In special circumstances, the benefits of venovenous ECMO presumably outweigh the treatment-associated risks and complications. At first sight, one might be tempted to intubate and mechanically ventilate the patient for the purpose of CO2 elimination, especially if noninvasive ventilation fails. In morbid obesity, however, mortality rates for intubated patients are high. In addition, we would have faced the risk of ventilation-induced lung injury, pneumothorax or other barotrauma when applying pressures high enough to inflate the lungs sufficiently, particularly in our patient with a BMI of 84 kg/m2. The relatively fast recovery of our patient suggests venovenous ECMO as a means of CO2 removal should be considered as an alternative to intubation in this patient population.

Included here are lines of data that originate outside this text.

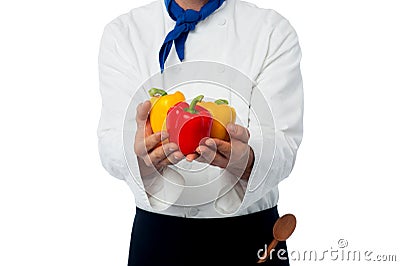 Chef hands showing fresh capsicums Stock Photo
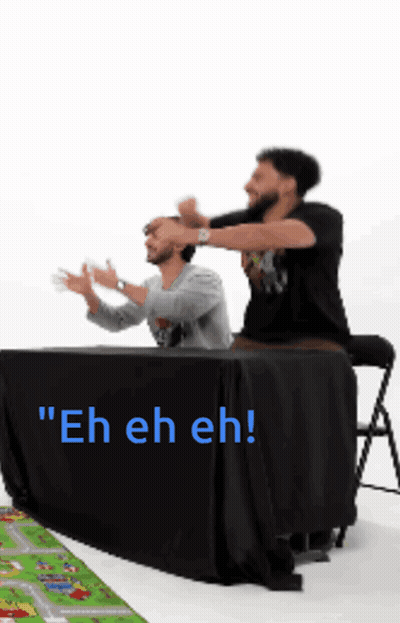 Two Men Sitting at Table Saying Eh Eh Eh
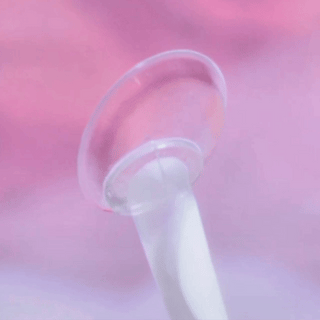 360° of EyeCandys Amelie Sakura Jelly prescription colored contact lens on a contact lens applicator. This soft pink lens enhances the eyes with a natural, dreamy look while providing clear vision and lasting comfort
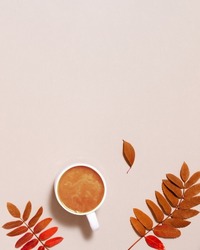 Cup of coffee with milk and red autumn leaves on pastel pink paper background. Autumn, fall composition, monohrome flat lay, top view, copy space.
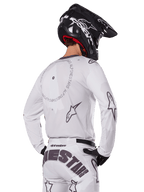 Motocrosskører set bagfra iført Alpinestars 2025 Racer Hollow udstyrssæt i hvid, hvid langærmet trøje med grå stjernelogoer og cirkulær grafik, matchende hvide bukser med markant branding på sædet, sort hjelm, koordineret off-road racingudstyr.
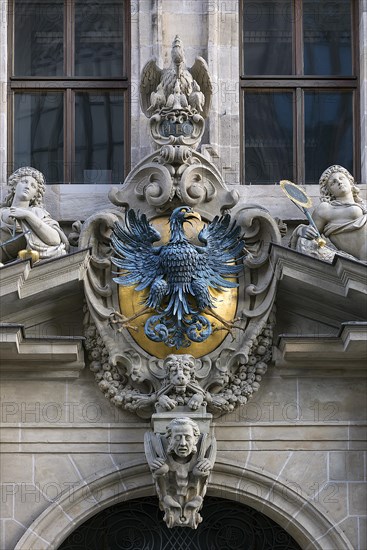 Imperial eagle and sculptures at the central entrance portal of the historic Wolf Town Hall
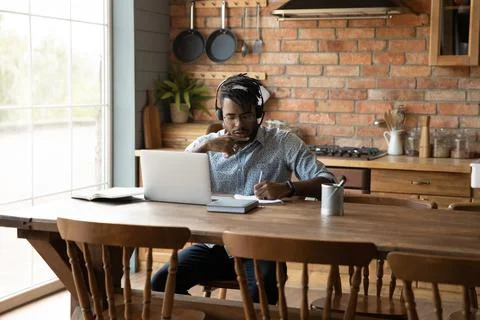 Young black guy learning from home using laptop and headset Stock Photos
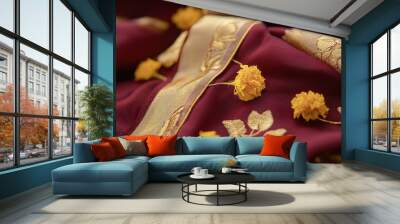 Closeup of a maroon silk saree with a golden border and yellow flowers. Wall mural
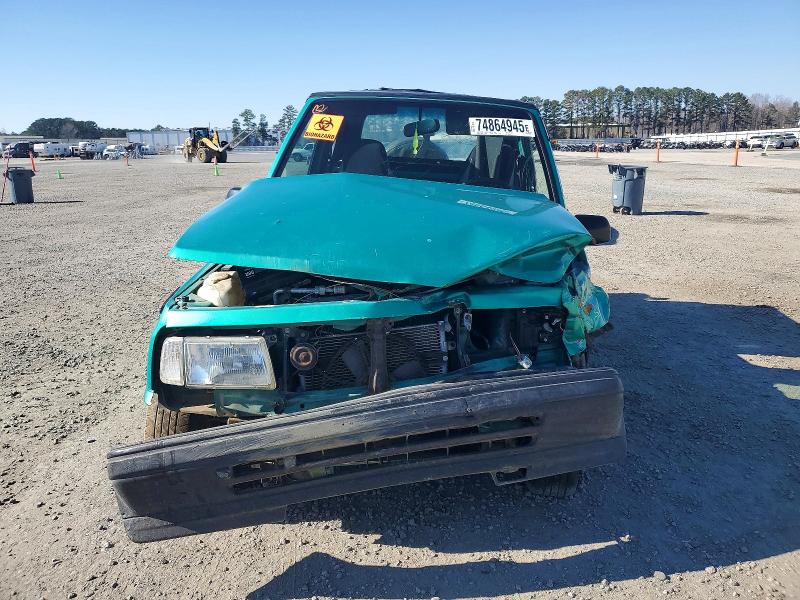 Photo 5 from auction – 1995 GEO TRACKER with VIN 2CNBE18U1S6926999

There is limited evidence in the literature, but recent findings suggest that obesity is not associated with higher mortality when applying venovenous ECMO [2, 3]. A few words of warning need to be issued, though. When installing venovenous ECMO in morbidly obese patients, one should pay a great deal of attention to percutaneous cannulation, which can be challenging as a result of hard skin covering the adipose tissue and a long path to central venous access. Consequently, it should be installed by physicians who are sufficiently experienced in venovenous ECMO. As suggested elsewhere [4], the neck and femoral regions can be prepared for cannulation by applying adhesive tape, which temporarily removes curvatures and wrinkles caused by the adipose tissue underneath the skin [4].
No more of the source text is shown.